High IO Usage on TiKV Nodes

Note:
This topic has been translated from a Chinese forum by GPT and might contain errors.

Original topic: tikv 节点io占用过高

| username: rw12306

[TIDB Usage Environment] Production Environment / Testing / Poc
[TIDB Version] 5.4.1
[Reproduction Path] What operations were performed that caused the issue
[Encountered Issue: Issue Phenomenon and Impact]
[Resource Configuration]

The TiKV IO usage is too high. What is causing this?
When I run a large number of pre-statistics, the IO usage becomes too high, causing program connection timeouts and errors.

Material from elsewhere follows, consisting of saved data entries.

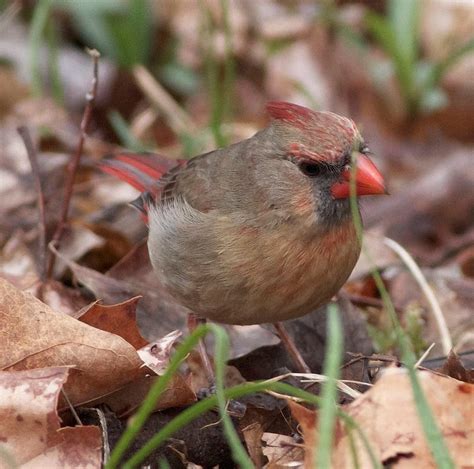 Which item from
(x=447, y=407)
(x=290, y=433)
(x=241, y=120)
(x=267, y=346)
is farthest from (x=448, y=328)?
(x=241, y=120)

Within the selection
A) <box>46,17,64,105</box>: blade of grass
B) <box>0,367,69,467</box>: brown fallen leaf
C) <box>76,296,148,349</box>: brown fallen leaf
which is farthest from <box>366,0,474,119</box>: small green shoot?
<box>0,367,69,467</box>: brown fallen leaf

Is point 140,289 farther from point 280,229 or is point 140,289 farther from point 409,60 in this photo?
point 409,60

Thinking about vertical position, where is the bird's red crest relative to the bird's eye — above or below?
above

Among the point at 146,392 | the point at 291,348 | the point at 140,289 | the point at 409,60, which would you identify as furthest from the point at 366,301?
the point at 409,60

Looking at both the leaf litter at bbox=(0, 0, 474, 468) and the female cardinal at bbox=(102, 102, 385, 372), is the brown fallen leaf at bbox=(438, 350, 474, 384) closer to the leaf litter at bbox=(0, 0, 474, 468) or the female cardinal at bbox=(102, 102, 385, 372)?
the leaf litter at bbox=(0, 0, 474, 468)

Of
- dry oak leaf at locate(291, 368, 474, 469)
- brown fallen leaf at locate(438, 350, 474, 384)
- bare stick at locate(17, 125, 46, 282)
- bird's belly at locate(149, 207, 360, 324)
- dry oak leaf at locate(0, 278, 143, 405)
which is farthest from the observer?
bare stick at locate(17, 125, 46, 282)

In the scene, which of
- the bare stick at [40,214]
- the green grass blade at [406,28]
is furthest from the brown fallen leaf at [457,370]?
the green grass blade at [406,28]

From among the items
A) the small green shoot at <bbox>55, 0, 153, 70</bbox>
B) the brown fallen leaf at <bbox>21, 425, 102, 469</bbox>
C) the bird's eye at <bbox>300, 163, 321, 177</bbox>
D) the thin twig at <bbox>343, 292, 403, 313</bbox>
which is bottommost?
the small green shoot at <bbox>55, 0, 153, 70</bbox> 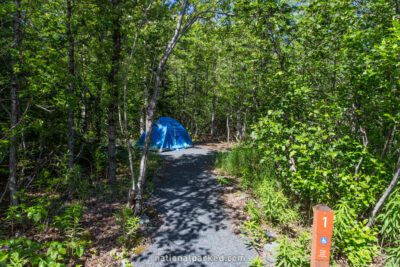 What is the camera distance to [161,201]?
5215mm

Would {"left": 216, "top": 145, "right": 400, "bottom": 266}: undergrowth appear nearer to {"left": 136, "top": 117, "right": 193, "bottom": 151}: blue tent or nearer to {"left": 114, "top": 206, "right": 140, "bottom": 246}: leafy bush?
{"left": 114, "top": 206, "right": 140, "bottom": 246}: leafy bush

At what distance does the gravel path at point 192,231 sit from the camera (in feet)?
10.5

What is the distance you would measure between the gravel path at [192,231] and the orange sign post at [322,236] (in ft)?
4.69

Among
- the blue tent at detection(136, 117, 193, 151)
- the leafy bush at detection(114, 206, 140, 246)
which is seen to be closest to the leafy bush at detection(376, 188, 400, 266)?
the leafy bush at detection(114, 206, 140, 246)

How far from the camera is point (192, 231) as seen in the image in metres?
3.94

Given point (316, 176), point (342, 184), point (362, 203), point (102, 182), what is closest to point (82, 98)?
point (102, 182)

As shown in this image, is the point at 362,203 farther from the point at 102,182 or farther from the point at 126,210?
the point at 102,182

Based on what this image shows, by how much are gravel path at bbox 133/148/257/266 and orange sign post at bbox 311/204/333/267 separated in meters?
1.43

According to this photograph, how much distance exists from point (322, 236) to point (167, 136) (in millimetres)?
10769

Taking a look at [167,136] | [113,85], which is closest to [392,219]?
[113,85]

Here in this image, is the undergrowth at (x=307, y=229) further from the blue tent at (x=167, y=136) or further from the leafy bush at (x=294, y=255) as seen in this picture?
the blue tent at (x=167, y=136)

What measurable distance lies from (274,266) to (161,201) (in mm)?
3215

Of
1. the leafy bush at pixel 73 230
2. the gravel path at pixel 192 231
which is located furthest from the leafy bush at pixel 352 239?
the leafy bush at pixel 73 230

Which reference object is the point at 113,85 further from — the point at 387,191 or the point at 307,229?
the point at 387,191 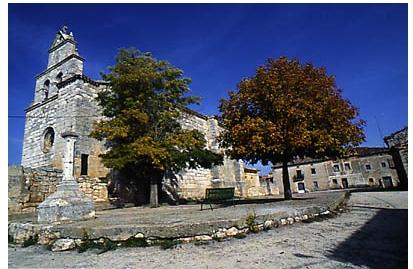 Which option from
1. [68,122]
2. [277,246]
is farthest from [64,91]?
[277,246]

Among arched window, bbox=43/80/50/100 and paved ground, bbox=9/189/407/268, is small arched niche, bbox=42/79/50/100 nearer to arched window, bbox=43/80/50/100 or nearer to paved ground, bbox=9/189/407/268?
arched window, bbox=43/80/50/100

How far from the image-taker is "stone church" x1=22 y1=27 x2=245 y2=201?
13.2 meters

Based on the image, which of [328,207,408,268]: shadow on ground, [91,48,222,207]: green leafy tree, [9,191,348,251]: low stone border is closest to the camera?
[328,207,408,268]: shadow on ground

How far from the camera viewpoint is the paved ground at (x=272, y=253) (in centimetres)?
329

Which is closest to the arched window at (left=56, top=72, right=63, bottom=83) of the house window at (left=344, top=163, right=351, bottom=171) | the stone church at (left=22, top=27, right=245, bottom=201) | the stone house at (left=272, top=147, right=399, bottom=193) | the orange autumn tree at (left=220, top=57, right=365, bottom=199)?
the stone church at (left=22, top=27, right=245, bottom=201)

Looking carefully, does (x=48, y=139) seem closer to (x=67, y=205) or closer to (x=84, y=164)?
(x=84, y=164)

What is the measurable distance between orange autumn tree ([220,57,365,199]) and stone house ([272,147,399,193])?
26.2 meters

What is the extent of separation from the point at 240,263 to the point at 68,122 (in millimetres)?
12840

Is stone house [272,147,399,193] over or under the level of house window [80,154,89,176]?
under

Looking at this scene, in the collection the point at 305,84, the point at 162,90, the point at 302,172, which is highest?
the point at 162,90

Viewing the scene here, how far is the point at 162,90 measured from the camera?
1264 centimetres

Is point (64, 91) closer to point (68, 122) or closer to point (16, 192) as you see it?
point (68, 122)

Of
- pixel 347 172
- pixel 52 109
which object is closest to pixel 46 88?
pixel 52 109

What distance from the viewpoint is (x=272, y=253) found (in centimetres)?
372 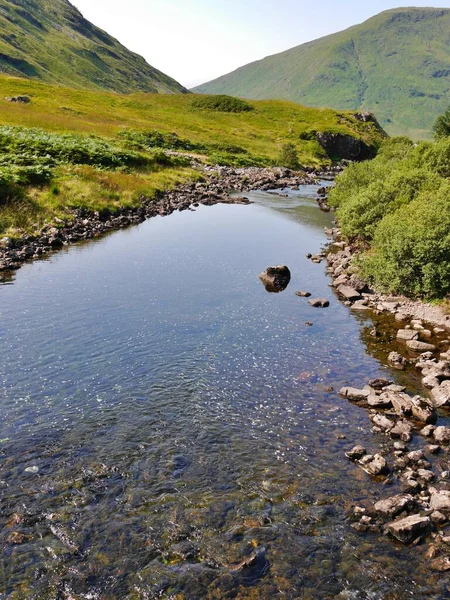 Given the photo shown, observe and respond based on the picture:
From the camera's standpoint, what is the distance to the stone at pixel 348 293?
115 ft

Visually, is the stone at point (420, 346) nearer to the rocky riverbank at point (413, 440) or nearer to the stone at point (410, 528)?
the rocky riverbank at point (413, 440)

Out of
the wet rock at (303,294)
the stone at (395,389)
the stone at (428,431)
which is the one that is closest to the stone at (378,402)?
the stone at (395,389)

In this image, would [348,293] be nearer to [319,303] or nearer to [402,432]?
[319,303]

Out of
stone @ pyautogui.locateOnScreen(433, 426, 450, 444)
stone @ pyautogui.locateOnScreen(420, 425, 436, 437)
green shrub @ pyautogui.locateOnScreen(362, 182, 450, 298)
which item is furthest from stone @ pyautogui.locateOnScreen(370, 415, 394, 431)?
green shrub @ pyautogui.locateOnScreen(362, 182, 450, 298)

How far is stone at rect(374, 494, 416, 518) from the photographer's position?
48.2ft

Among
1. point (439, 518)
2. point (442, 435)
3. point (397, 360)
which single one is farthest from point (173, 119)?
point (439, 518)

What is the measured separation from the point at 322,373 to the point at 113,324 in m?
12.9

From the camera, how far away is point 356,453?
57.3ft

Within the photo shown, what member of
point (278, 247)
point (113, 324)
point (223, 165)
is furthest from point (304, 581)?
point (223, 165)

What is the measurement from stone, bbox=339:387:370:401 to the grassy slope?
8694 cm

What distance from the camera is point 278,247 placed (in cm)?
5078

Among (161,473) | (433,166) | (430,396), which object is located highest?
(433,166)

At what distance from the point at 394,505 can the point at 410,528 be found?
1.01 meters

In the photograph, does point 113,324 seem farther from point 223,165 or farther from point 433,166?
point 223,165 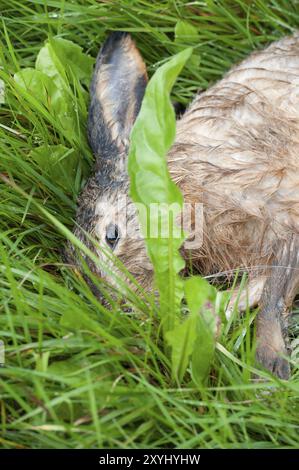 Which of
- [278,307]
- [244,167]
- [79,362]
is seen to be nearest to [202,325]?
[79,362]

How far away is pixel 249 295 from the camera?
11.1ft

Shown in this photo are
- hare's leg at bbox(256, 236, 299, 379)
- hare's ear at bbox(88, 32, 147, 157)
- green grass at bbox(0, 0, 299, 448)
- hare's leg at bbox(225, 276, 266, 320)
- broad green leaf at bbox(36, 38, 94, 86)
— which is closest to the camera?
green grass at bbox(0, 0, 299, 448)

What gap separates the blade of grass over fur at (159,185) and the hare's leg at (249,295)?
439 mm

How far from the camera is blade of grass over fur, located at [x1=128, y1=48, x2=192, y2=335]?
2748 millimetres

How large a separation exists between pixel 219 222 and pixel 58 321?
0.98 m

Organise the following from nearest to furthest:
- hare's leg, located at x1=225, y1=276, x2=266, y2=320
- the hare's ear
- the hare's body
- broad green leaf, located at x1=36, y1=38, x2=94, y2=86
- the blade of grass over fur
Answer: the blade of grass over fur → hare's leg, located at x1=225, y1=276, x2=266, y2=320 → the hare's body → the hare's ear → broad green leaf, located at x1=36, y1=38, x2=94, y2=86

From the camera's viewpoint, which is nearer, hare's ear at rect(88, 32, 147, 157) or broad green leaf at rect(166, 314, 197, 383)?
broad green leaf at rect(166, 314, 197, 383)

GC monitoring screenshot shows that GC time consumption is very high.

| username: h5n1 | Original post link

Is it just a large amount of data? Will pre-statistics write data or is it purely a select?

| username: rw12306 | Original post link

First delete, then query and insert.

| username: h5n1 | Original post link

You can consider processing in batches with SAS disks.

| username: buddyyuan | Original post link

What kind of disk is this? IO is at 100%, but your throughput is only a bit over 300MB/s.

| username: rw12306 | Original post link

It is executed in multiple SQL statements, not a single SQL statement.

By the way, does the tidb_gc_life_time parameter refer to the time that deleted data needs to be retained during GC? For example, if I deleted data 20 minutes ago, and if this is set to 30 minutes, does it mean that data deleted within the current time minus this value will not be GC’d? The tidb_gc_run_interval variable refers to how often the GC operation is triggered. Is my understanding correct?

| username: rw12306 | Original post link

Solid State Drive

| username: buddyyuan | Original post link

Take a look at the Disk-Performance monitoring interface, check the IOPS, and then look at the latency of this disk.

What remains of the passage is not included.